(Crawled caption data)
□ □ □ □ □ □ □

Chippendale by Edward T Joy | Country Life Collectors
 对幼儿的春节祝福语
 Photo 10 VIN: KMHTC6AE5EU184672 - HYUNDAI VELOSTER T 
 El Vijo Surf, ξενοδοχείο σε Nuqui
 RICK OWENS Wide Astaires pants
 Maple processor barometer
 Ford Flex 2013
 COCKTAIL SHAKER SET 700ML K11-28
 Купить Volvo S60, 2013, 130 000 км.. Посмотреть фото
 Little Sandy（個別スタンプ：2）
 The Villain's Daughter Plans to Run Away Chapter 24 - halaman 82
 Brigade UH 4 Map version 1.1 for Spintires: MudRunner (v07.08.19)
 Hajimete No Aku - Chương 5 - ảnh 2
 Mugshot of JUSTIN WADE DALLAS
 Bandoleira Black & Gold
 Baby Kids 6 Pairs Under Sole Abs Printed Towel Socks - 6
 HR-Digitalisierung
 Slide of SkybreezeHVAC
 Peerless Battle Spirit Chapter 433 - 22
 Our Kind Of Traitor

□ □ □ □ □ □ □

For the string "Chapter", filter the data and copy out each line where it occurs.

# Result of this exercise:
 The Villain's Daughter Plans to Run Away Chapter 24 - halaman 82
 Peerless Battle Spirit Chapter 433 - 22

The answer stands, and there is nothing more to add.